We love to “torture the data until it confesses” as much as anyone else and have sliced and diced daily returns S&P 500, not only “just to entertain you, “ but to enhance your trading/investing acumen in order to impress others at the company Christmas party. Making money? Iffy.
The average return on Mondays for the S&P5oo in 2010 is 0.31%, which is higher than other days of the week. The index has been up 61% of all Mondays in 2010, rising 27 and declining 17, which is the highest percentage day of the week. Generating only the third highest return on up days, trailing Wednesday and Thursday, Monday’s average loss on down days is significantly lower than others.

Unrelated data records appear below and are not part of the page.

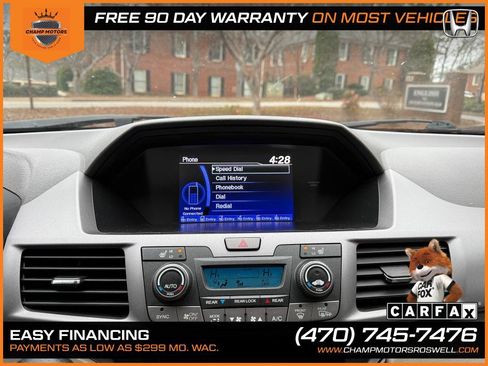 Used 2013 Honda Odyssey EX-L image 28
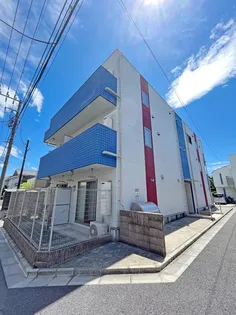 朱雀館【2階】の外観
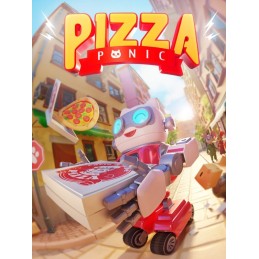 PizzaPanic PC Steam CD Key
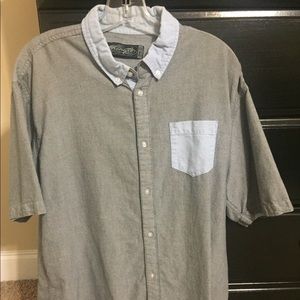 Retrofit Button Down Shirt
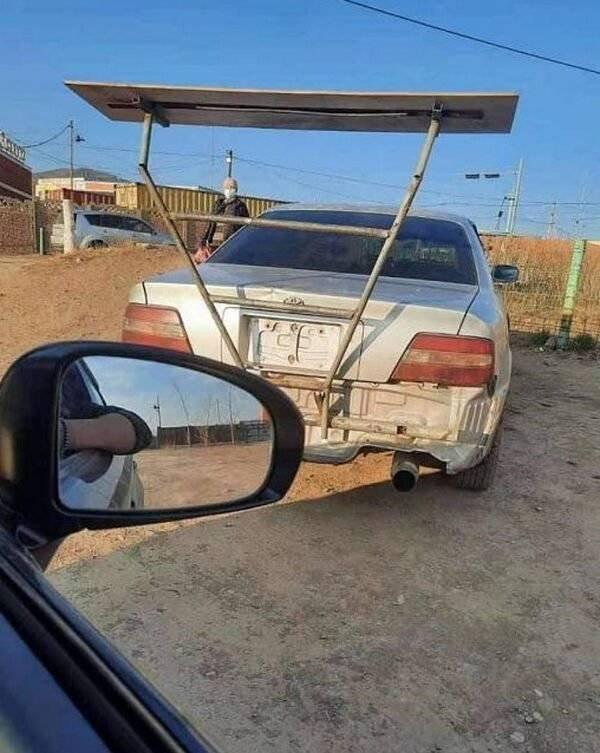 Crazy Cars (20 pics)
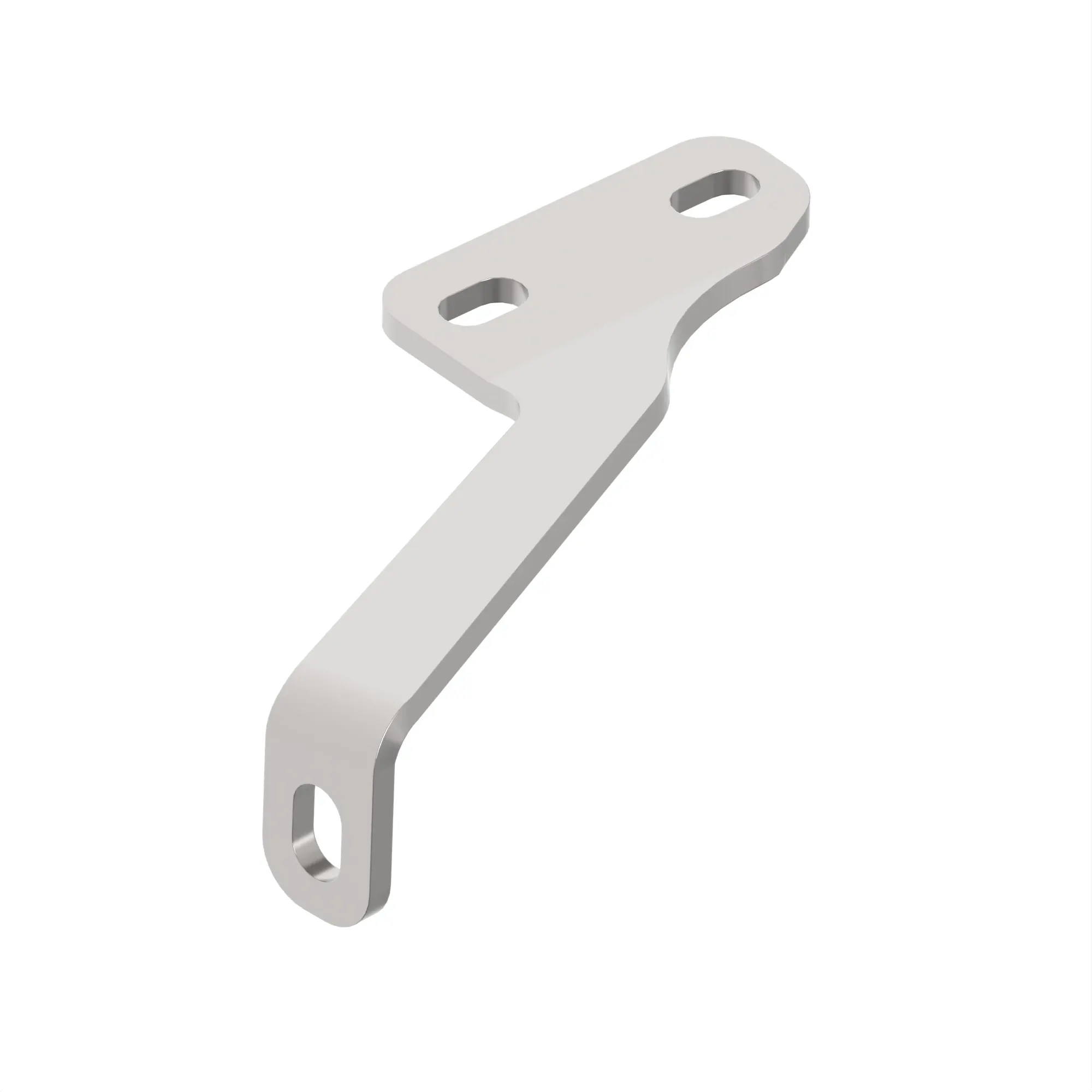 John Deere Engine Oil Drain Hose Bracket - T361605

Slicing deeper, however, “ Mutual Fund Monday” appears to have lost its luster since the first quarter, when the S&P 500 traded up 9 of 11 Mondays . After an excellent Q3, the Monday fade continues into Q4, where the S&P500 is currently down 5 straight Mondays. On a positive note, after a similar 5-week losing streak in June, Monday generated a positive return for next 6 weeks.
Now, how’s that for making the data dance? Can and will the S&P snap its “MF Monday” losing streak end tomorrow after China’s hot inflation number? We’ll leave for the Monday morning quarterbacks. Stay tuned!


Yale Hirsch (Stock Trader’s Almanac) published his book Don’t Sell Stocks on Monday in 1986. He provides a technical trader’s trove of data regarding how the market behaves each hour of the day, day of the week, week of the month, and month of the year. Sometimes it works, sometimes it doesn’t, just like the digital clock that wakes me up in the morning.